Der Effekt ist eine wichtige Überlegung beim Entwurf von Robotersystemen, die erfolgreich mit Menschen interagieren können. Um das unheimliche Tal zu vermeiden, kreieren Designer oft Roboter, die alles andere als menschlich sind. Zum Beispiel sind viele therapeutische Roboter (Paro, Keepon) so konzipiert, dass sie wie Tiere aussehen oder "süß" und nicht bedrohlich sind.

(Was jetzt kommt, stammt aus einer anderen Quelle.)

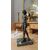 SCULTURA IN BRONZO DAVIDE E GOLIA CON BASE IN MARMO FINE XIX SECOLO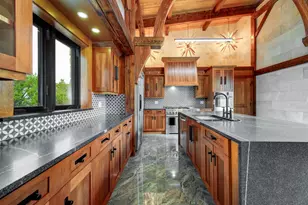 700 Rancho Grande Dr, Wimberley, TX 78676 - Photo 9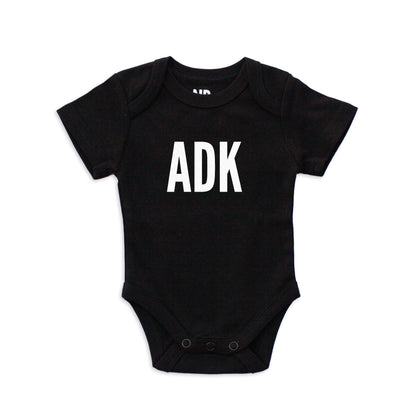 ADK Onesie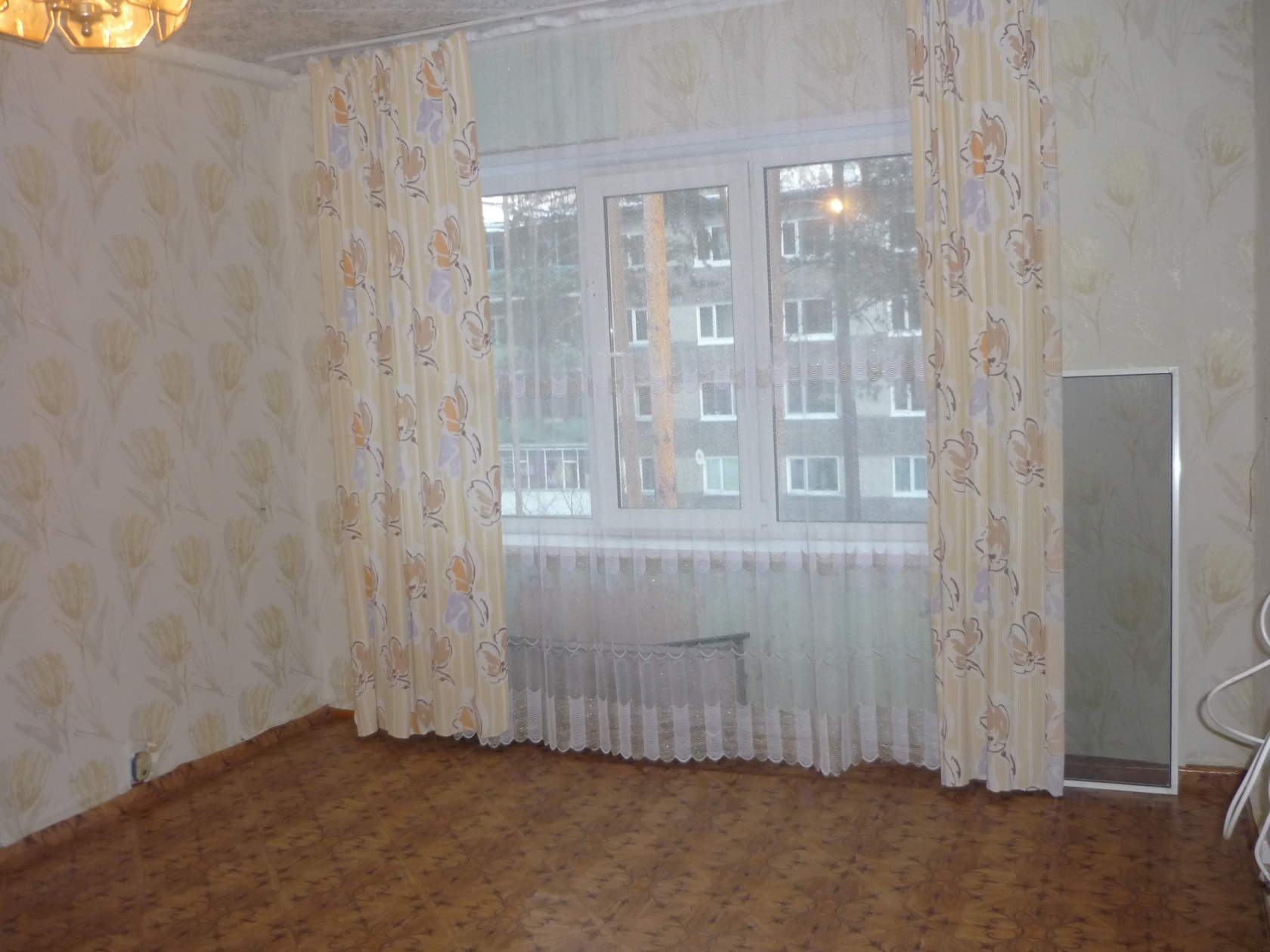 Саяногорск Инфо - image.jpg, Скачано: 40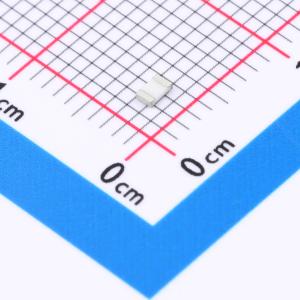 FRC0805F6040TS商品缩略图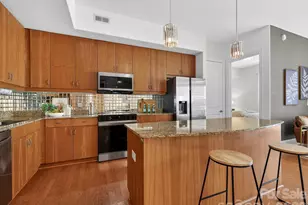 4620 Piedmont Row Dr, Charlotte, NC 28210 - Photo 9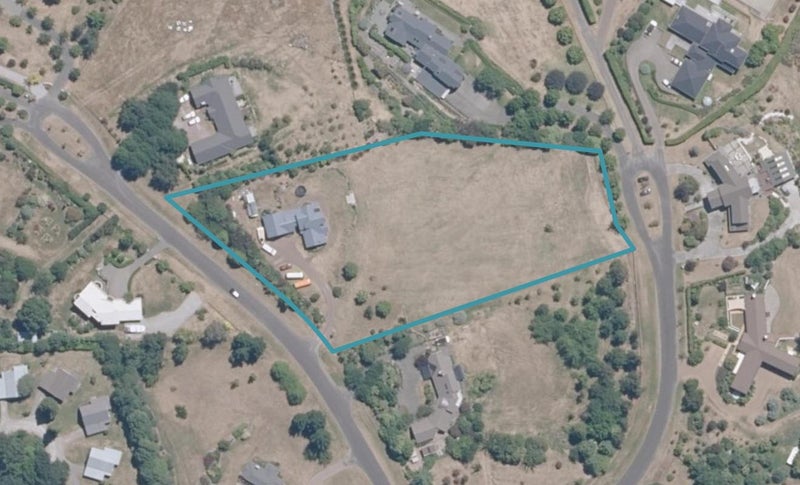 308 Clearwater Lane, Rangatira Park, Taupo - Carousel 1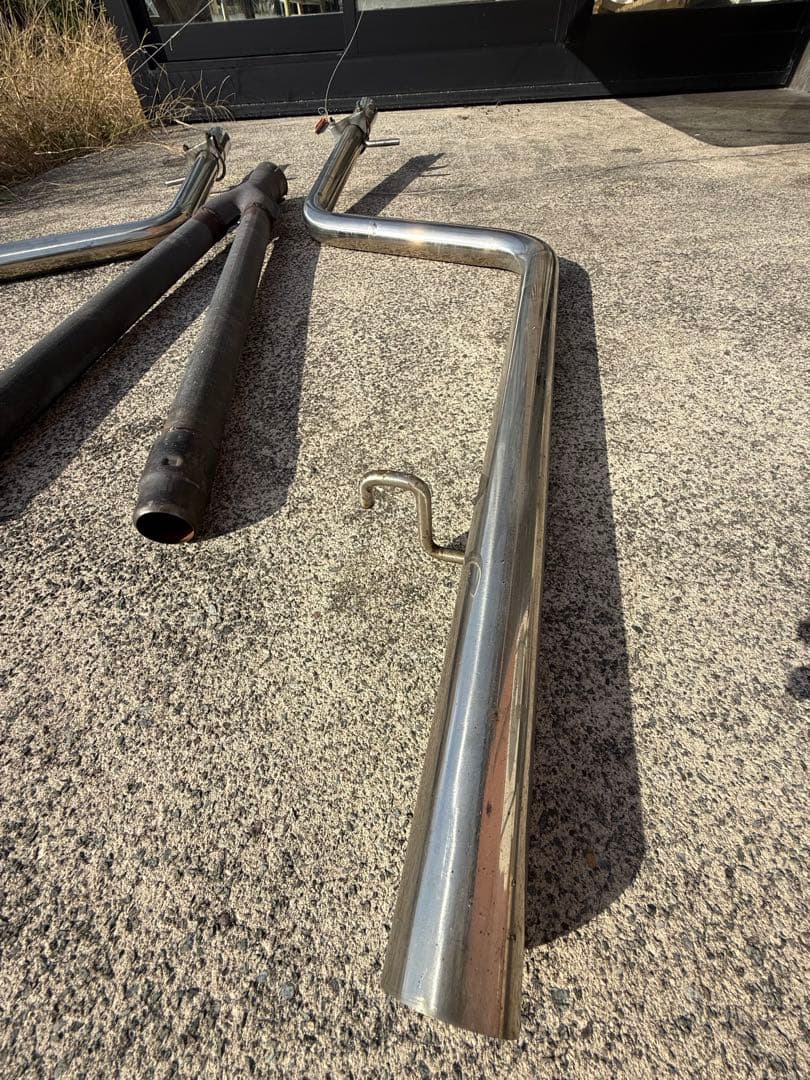 ひなたぼっこさん専用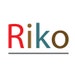 Riko Vintage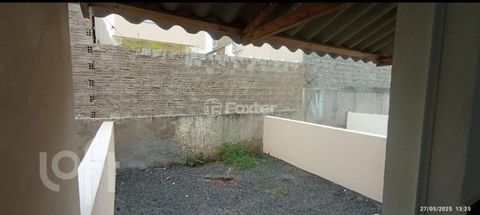 Image 8 - 881189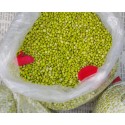 FRESH GREEN HURDA PACK : 1KG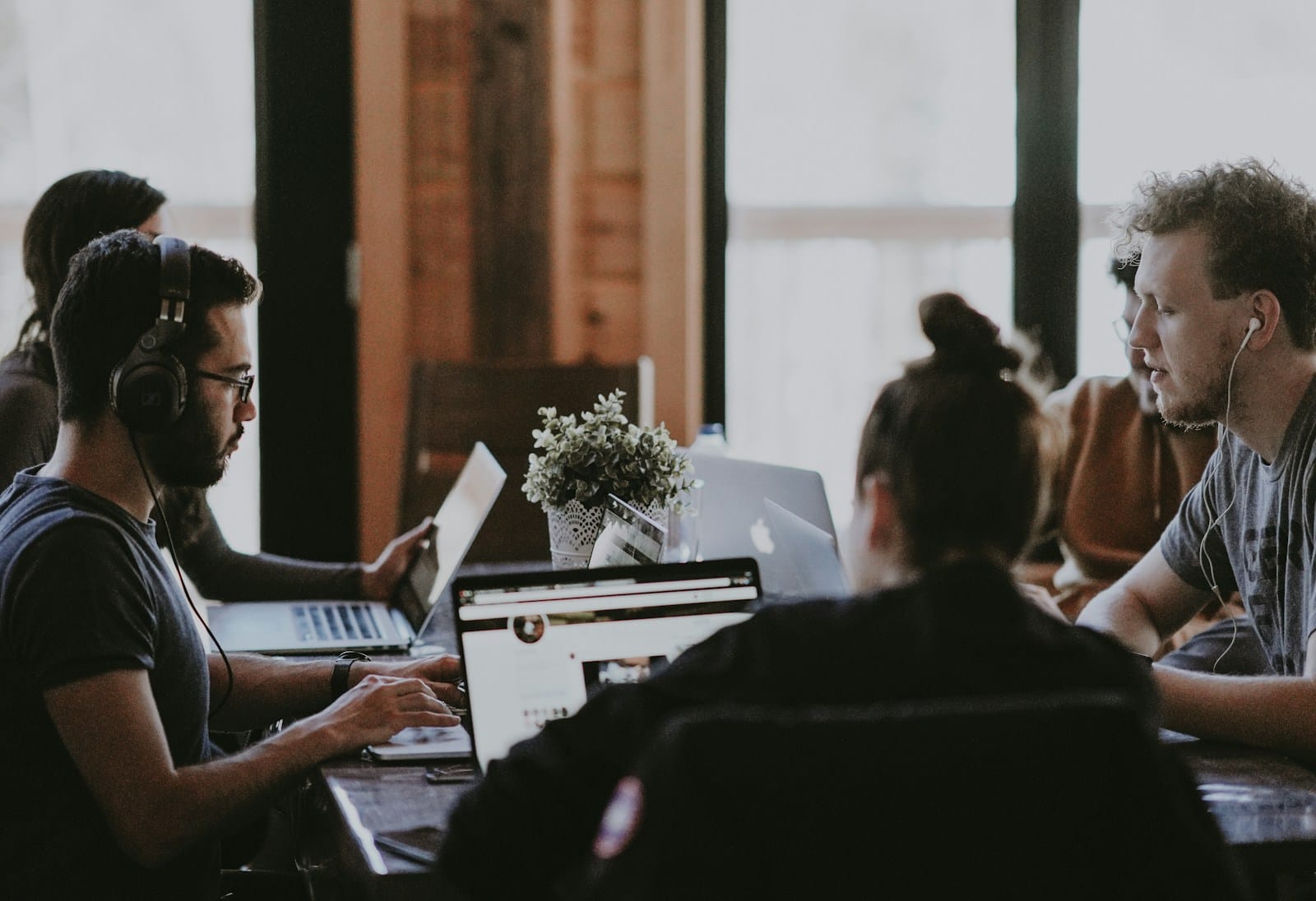 The Hidden Cost of Inefficient Employee Relocations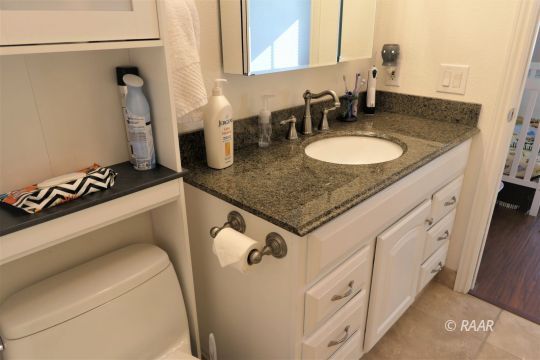 1359 North Mahan Street Ridgecrest, CA 93555 - Photo 20 of 33 Gallery Image 20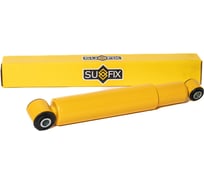 Амортизатор задний SUFIX SA-1180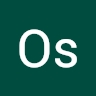 Os rak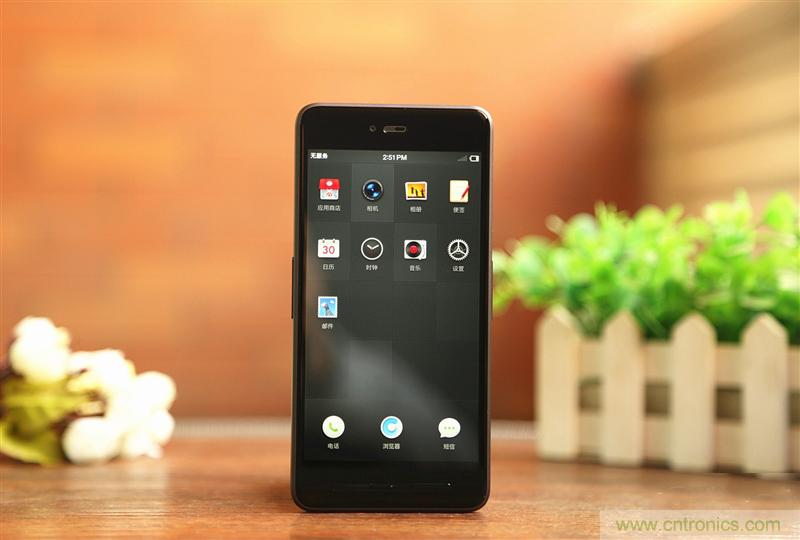 前世500次回眸,換來今生一次擦肩而過，那500多天的等待能否讓錘子揚眉吐氣？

Andere therapeutische Roboter wie Kaspar sehen sehr menschlich aus. Kaspar ist ein hervorragendes Beispiel für das unheimliche Tal, denn wenn ich Kaspar anschaue, macht es mir Angst. Menschen im Autismus-Spektrum erleben Kaspar jedoch möglicherweise nicht so wie ich. Und laut Shahbaz 'Kommentar haben Kinder mit Autismus gut auf Kaspar reagiert.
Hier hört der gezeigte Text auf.